求极限 lim（2^x+3^x -2）/x 当X趋近于0

由洛必达法则,lim (x→0) (2^x +3^x -2) /x = lim (x→0) [(2^x) (ln 2)+(3^x) (ln 3) ] /1= ln6。= = = = = = = = =如果没学洛必达法则,但学了等价无穷小量,见解法2。

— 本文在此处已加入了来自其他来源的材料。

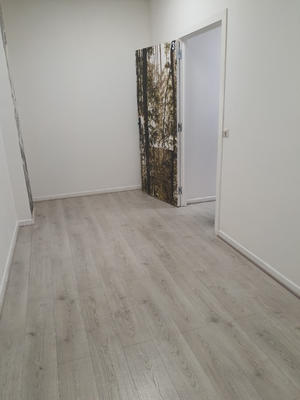 Bureau - 15 m² - 5 pièces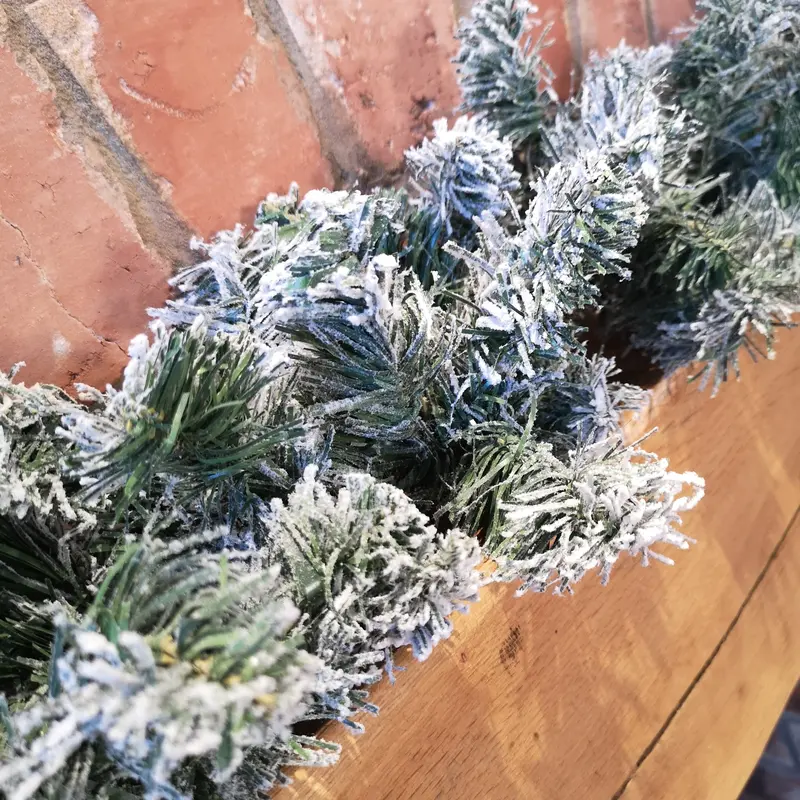 270cm Kaemingk Imperial Snow-Flocked Christmas Garland – Pack of 25, Premium Green Finish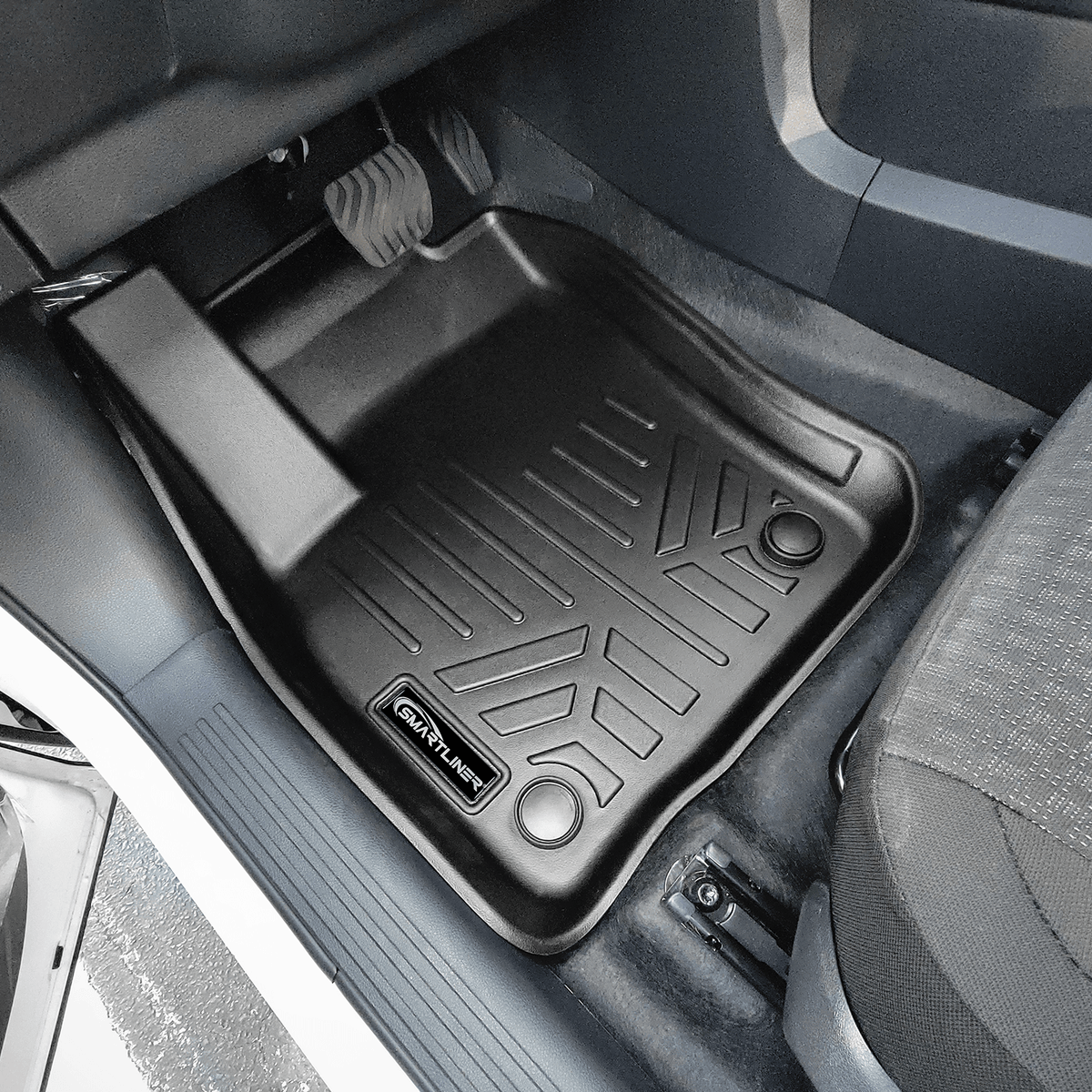 SMARTLINER Custom Fit Floor Liners For 2025 Nissan Kicks (FWD)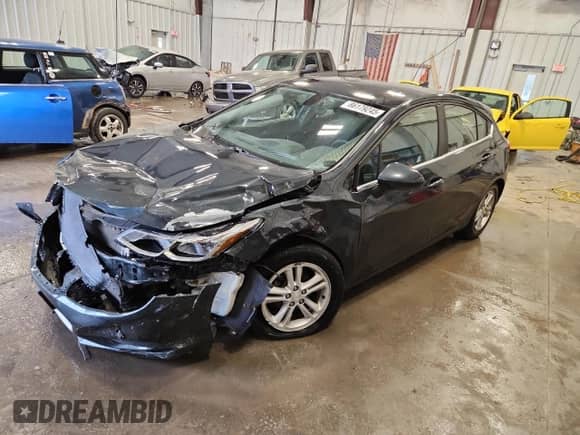 2017 Chevrolet Cruze LT z VIN 3G1BE6SM6HS610866, wystawiony jako Copart lot #86179245 z przebiegiem 116 589 mil mil oraz Nie do naprawy • Non repairable. Historia ofert i sprzedaży dostępna na DreamBid. Obrazek 1.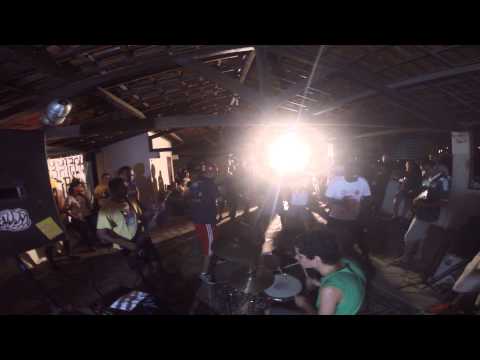 Derrube o Muro - "O sonho do oprimido em ser opressor" ao vivo Mansão Gaglis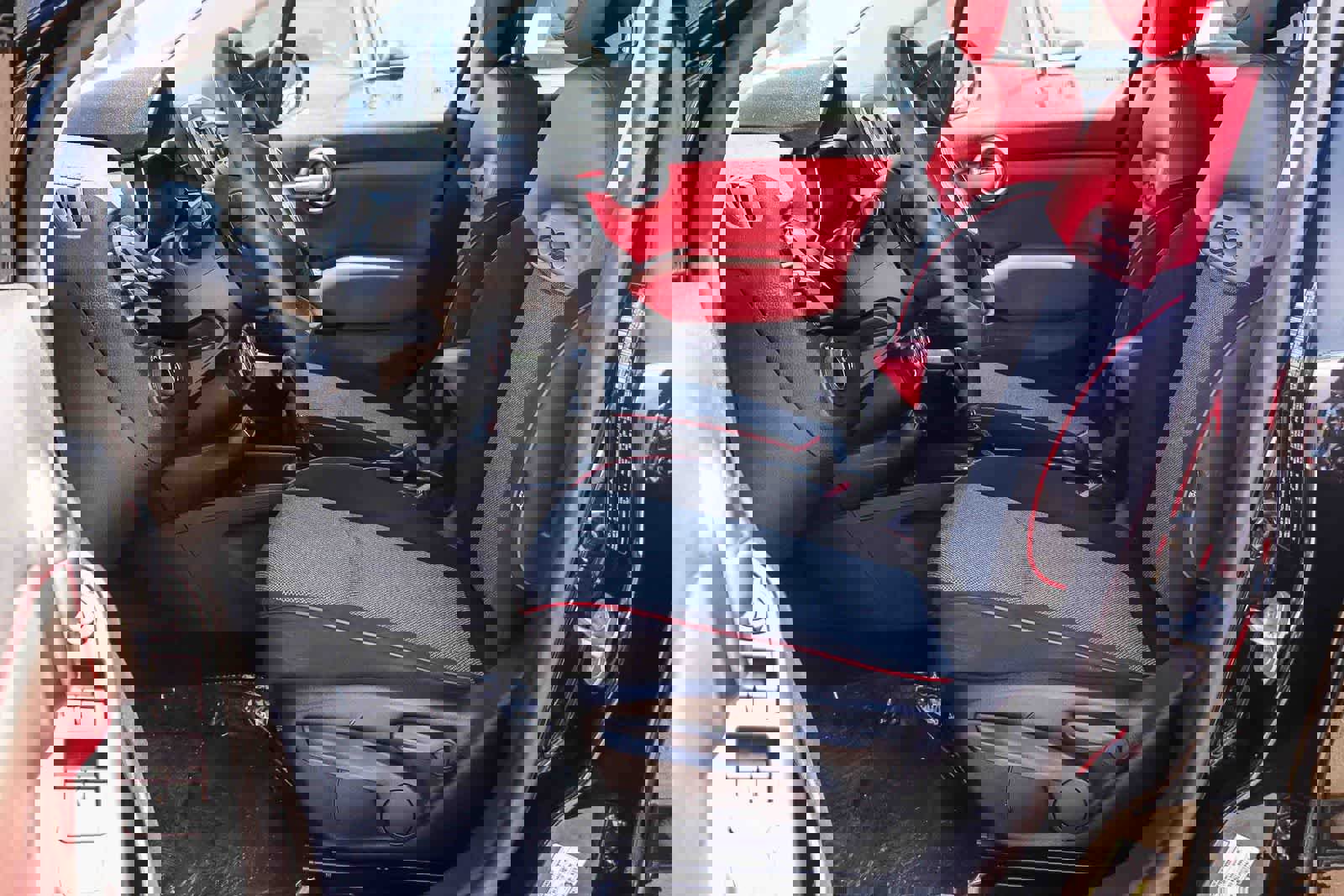 Used 2016 FIAT 500X Easy image 16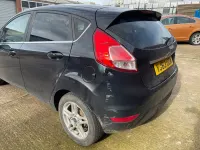 Usado Ford Fiesta Zetec 75 HP (55 kW) 2013 Preto Citadino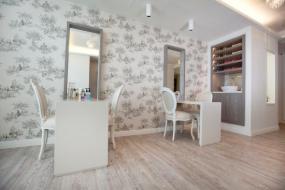 最新美甲店室内装饰装修效果图片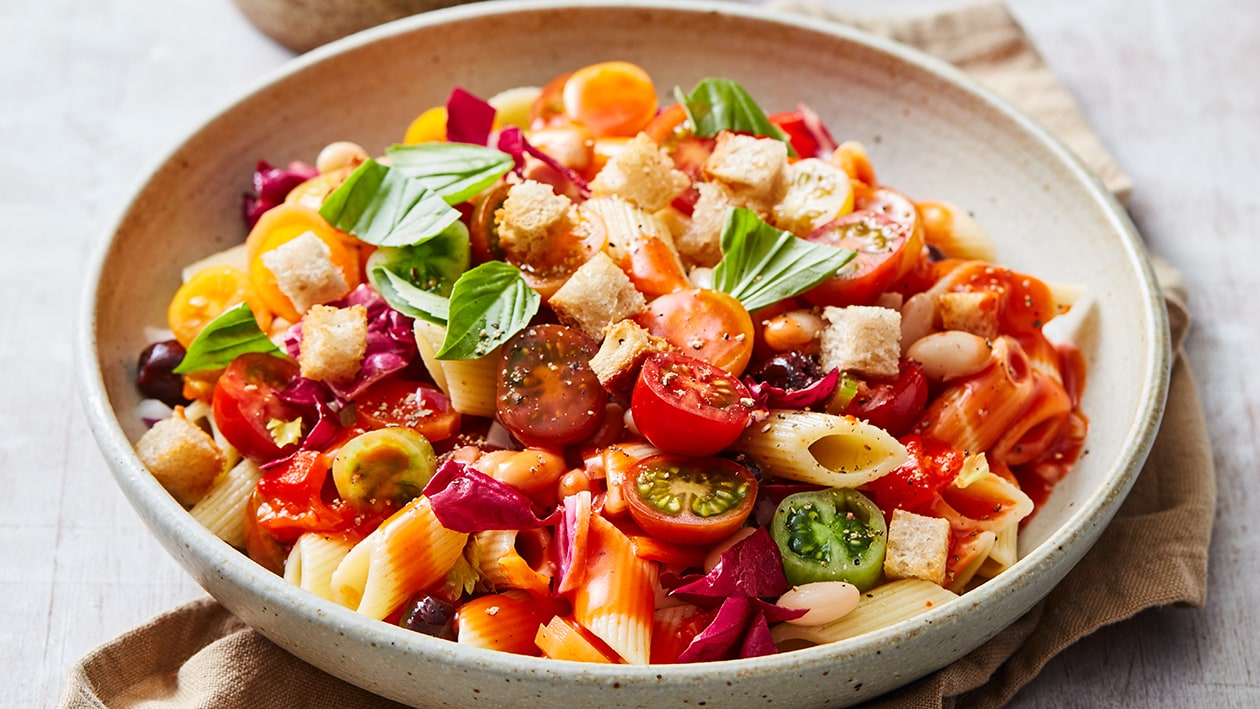 Italiaanse pasta salade met cherry tomaatjes en basilicum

解法2：因为 lim (t→0) (e^t -1) /t =1,令 t =x (ln 2),则 x = t /(ln2)。所以 t→0 时,x→0。所以 lim (x→0) (2^x -1) / [ x (ln2) ] =1,所以 lim (x→0) (2^x -1) /x =ln2。同理,lim (x→0) (3^x -1) /x =ln3。所以 lim (x→0) (2^x +3^x -2) /x = lim (x→0) (2^x -1) /x +lim (x→0) (3^x -1) /x= ln6。= = = = = = = = =解法3：（导数的定义）令 f(t) =2^t,则 f'(t) =(2^t) (ln2),所以 f'(0) =ln2,即 lim (x→0) (2^x -2^0) /(x -0) =ln2,即 lim (x→0) (2^x -1) /x =ln2。同理,lim (x→0) (3^x -1) /x =ln3。所以 lim (x→0) (2^x +3^x -2) /x = lim (x→0) (2^x -1) /x +lim (x→0) (3^x -1) /x= ln6。